Programme Scope and Specializations
Our elective courses are challenging. In them, we examine state-of-the-art academic literature relating to topics such as globalization, health economics, transport economics, and human development. The subjects discussed during these courses are often a reflection of current public debate.
The programme will train you to be an economic generalist, while offering you the unique opportunity to specialize in a number of well-defined focus areas (specializations). You will gain a thorough understanding of prominent economic tools in microeconomics, macroeconomics, and econometrics. The four different specialization tracks will allow you to acquire further expertise in an area of particular interest to you.
Taking a specialization (consisting of a specific combination of elective courses) is optional, and students with highly varied interests or who would prefer to exercise a range of talents can freely pick and mix from our list of elective courses. In addition, these students can also choose one elective course from outside the programme (subject to prior approval from the examination board).
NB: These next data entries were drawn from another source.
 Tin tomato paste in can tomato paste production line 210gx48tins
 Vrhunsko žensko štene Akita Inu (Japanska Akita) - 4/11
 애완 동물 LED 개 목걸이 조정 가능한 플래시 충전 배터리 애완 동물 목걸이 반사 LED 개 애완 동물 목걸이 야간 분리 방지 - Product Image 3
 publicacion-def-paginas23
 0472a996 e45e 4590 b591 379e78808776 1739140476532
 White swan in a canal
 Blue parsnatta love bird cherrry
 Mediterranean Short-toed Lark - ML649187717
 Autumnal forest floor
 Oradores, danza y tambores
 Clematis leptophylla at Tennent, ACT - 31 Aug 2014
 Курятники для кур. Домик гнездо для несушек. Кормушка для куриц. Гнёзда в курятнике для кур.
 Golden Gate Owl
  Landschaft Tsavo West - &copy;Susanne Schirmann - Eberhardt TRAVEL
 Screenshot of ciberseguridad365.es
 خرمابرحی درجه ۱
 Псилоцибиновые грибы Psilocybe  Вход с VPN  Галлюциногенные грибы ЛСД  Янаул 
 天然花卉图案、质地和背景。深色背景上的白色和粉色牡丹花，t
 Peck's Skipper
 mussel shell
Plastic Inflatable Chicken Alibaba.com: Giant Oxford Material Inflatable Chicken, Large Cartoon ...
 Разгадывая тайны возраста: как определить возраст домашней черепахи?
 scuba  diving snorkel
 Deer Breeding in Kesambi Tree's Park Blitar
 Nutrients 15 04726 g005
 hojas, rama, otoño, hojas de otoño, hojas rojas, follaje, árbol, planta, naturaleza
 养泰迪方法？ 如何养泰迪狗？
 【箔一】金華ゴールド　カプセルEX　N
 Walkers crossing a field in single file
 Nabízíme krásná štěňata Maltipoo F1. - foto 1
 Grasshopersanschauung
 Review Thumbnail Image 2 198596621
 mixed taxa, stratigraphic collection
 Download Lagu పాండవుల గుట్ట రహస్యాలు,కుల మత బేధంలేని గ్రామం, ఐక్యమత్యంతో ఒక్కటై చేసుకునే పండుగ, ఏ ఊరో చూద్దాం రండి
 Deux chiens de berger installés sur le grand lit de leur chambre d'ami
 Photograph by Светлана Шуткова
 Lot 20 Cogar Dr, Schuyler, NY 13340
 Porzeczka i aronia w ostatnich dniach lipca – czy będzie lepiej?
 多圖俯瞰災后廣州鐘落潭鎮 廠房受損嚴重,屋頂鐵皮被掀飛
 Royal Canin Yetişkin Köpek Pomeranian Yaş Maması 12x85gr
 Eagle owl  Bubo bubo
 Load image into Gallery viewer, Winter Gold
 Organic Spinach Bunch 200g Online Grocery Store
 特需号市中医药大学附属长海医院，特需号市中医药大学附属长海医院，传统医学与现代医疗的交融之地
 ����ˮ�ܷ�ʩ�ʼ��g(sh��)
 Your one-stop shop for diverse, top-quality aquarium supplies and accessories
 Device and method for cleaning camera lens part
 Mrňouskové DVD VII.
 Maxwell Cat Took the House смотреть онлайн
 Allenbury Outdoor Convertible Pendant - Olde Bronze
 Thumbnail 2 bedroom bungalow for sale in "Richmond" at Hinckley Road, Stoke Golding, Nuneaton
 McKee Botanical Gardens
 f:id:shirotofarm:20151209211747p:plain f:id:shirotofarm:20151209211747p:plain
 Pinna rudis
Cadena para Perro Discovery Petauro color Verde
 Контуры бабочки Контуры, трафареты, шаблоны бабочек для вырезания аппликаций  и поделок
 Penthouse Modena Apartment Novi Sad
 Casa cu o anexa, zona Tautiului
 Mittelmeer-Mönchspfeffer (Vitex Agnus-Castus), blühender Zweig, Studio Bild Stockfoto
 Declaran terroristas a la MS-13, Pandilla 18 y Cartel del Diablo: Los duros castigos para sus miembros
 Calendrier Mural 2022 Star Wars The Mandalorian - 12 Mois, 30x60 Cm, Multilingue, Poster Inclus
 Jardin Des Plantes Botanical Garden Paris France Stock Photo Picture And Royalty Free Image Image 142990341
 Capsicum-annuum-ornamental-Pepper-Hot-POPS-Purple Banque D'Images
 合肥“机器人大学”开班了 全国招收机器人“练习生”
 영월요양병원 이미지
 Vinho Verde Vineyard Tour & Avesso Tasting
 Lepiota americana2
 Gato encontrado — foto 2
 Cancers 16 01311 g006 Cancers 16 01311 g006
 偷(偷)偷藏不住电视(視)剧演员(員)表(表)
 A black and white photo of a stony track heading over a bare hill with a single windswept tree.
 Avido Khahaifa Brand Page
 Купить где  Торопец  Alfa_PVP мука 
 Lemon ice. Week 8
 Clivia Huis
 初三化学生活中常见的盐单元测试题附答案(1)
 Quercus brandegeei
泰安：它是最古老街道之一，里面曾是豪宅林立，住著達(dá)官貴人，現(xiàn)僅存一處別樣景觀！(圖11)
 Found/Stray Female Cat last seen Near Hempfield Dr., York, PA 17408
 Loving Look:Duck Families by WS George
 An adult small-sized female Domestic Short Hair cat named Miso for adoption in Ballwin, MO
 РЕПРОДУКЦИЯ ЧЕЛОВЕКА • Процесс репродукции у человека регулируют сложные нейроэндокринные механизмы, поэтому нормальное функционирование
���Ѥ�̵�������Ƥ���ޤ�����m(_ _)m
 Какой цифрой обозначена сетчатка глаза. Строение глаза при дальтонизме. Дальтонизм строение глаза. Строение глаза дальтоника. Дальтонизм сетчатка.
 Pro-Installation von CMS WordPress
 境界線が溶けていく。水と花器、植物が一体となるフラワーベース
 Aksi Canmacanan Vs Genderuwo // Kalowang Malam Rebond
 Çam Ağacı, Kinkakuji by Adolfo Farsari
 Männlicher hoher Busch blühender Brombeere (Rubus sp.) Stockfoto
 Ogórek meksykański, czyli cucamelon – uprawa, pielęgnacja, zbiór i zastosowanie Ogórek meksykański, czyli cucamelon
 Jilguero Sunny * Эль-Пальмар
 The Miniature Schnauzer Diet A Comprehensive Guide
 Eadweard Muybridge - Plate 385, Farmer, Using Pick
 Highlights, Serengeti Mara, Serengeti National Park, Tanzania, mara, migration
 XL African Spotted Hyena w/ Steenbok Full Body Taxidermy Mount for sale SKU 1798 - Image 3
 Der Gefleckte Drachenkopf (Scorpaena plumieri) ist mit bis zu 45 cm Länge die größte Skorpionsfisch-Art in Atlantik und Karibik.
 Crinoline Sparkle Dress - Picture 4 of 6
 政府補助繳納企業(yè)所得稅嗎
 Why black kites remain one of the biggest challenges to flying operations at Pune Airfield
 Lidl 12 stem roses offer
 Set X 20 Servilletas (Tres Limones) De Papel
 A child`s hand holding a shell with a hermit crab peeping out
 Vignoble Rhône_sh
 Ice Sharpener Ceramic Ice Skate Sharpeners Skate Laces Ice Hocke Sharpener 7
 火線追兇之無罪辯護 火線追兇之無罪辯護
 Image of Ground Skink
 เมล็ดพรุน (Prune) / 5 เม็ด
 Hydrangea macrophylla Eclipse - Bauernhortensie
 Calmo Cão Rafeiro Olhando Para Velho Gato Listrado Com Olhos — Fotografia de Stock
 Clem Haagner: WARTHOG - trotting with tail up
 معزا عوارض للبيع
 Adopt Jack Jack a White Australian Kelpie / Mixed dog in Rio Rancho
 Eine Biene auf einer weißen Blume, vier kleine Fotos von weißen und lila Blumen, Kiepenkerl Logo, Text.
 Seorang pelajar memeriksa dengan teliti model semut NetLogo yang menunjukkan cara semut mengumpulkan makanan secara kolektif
Those who wish to gain more expertise in a particular policy field can choose from among the following four specializations:
The subdepartment of Development Economics forms one of the strongest research groups in development economics in the country and in Europe. Research topics focus on:
- The role of constraints (e.g. through exposure to risk) on the ability of households to escape from poverty through asset accumulation
- The potential for sustainable land use in areas with rapid population growth
- The economic implications of migration, both within developing countries and from developing to developed countries
- The scope for economic growth through industrial development
The approach is strongly empirical, using case studies or survey data for individual households or firms to test competing theories and to evaluate the impact of implemented policy initiatives and specific development projects.
These topics, along with aggregate aspects of growth and inequality, and broader issues of human development, shape the curriculum of the Development Economics specialization. There is also close cooperation with the University of Amsterdam, where some teaching takes place. Graduates will find excellent employment opportunities with governments, NGOs, and international organizations as well as consultancy firms focusing on trade and development.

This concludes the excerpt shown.